Существует давняя легенда, что переброска двух германских корпусов в Восточную Пруссию сыграла решающую роль в поражении немцев в битве на Марне и срыве плана Шлиффена по быстрому разгрому Франции. На самом деле численный перевес англо-французских войск (459 батальонов против 262) был слишком велик, чтобы отправленные на Восточный фронт 50 батальонов могли бы сколько-нибудь существенно изменить положение. Крах плана Шлиффена был вызван недооценкой сил противника и его способности, пользуясь малой протяженностью линии фронта и хорошо развитой сетью дорог, быстро перебрасывать войска на угрожаемые участки. В сражении при Марне французы впервые применили автомобили для переброски войск. Военный комендант Парижа генерал Галлиени использовал для доставки к Марне частей парижского гарнизона реквизированные автомобили, в том числе такси. Так родилось то, что впоследствии назвали моторизованной пехотой. Но ее звездный час наступил лишь во Вторую мировую войну.

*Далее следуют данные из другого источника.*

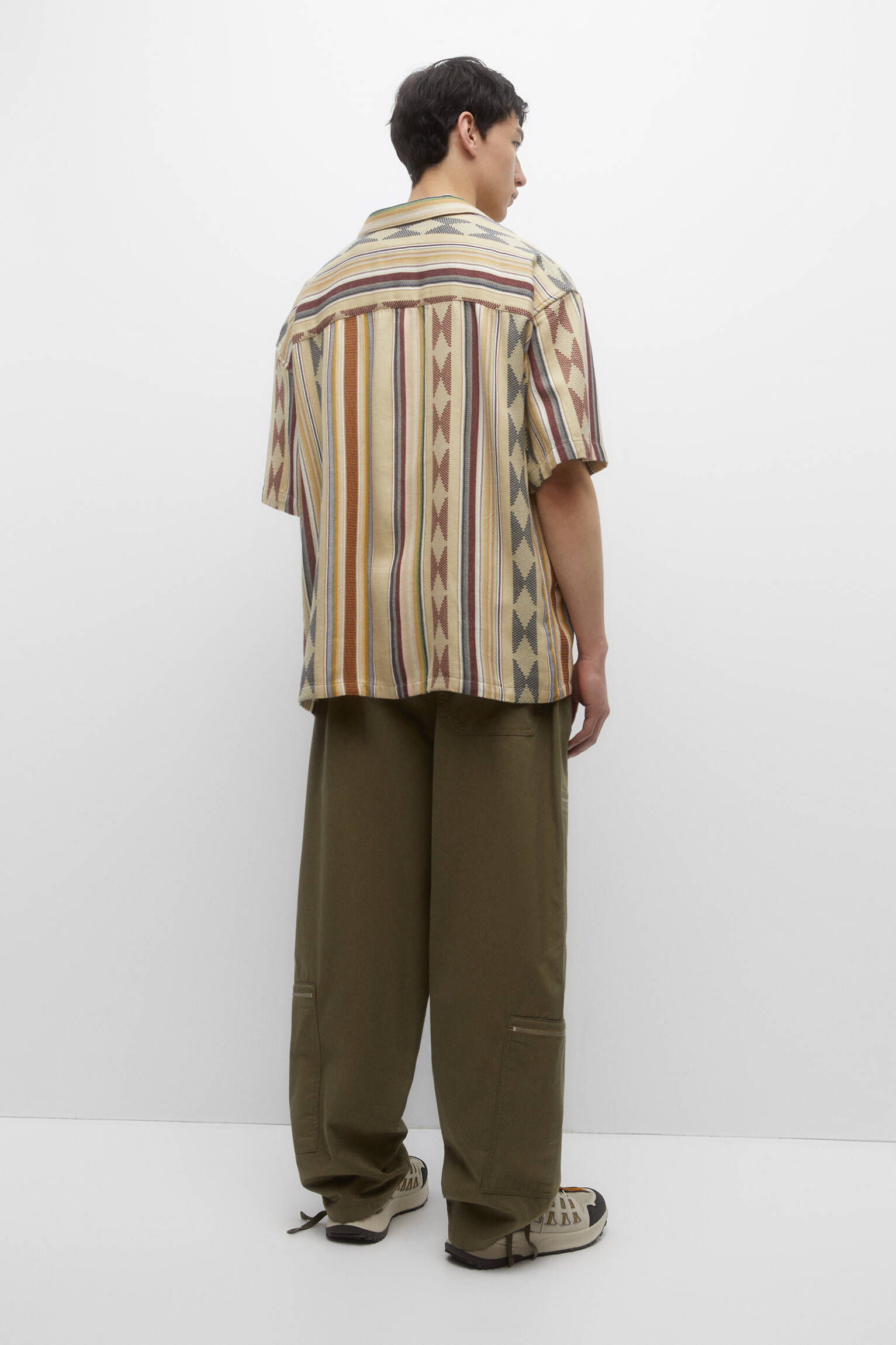 CAMISA RÚSTICA COM ESTAMPA GEOMÉTRICA - MOSTARDA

Роль России заключалась в том, что она заставила Германию и Австро-Венгрию сражаться на два фронта и отвлекла на себя значительные силы Центральных держав. Победа русских войск в Галиции также спасла от разгрома Сербию. Сменивший Мольтке военный министр и начальник Генштаба Эрих Фалькенгайн позднее писал о влиянии кампании 1914 года на сроки войны: «События на Марне и в Галиции отодвинули ее исход на совершенно неопределенное время. Задача быстро добиться решений, что до сих пор являлось основой для немецкого способа ведения войны, свелась к нулю».
На Западе фронты обеих противоборствующих армий в октябре достигли побережья Северного моря на бельгийской территории недалеко от французской границы. Здесь началась позиционная война. От швейцарской границы до самого моря протянулись сплошные линии окопов. После перехода к позиционной войне во Франции и Бельгии немцы перебросили дополнительные силы против России. Бои на германо-русском фронте шли с переменным успехом. Попытка окружить 2-ю русскую армию под Лодзью не удалась, и обходная группировка генерала Шеффера в конце ноября сама попала в кольцо, но сумела прорваться к своим.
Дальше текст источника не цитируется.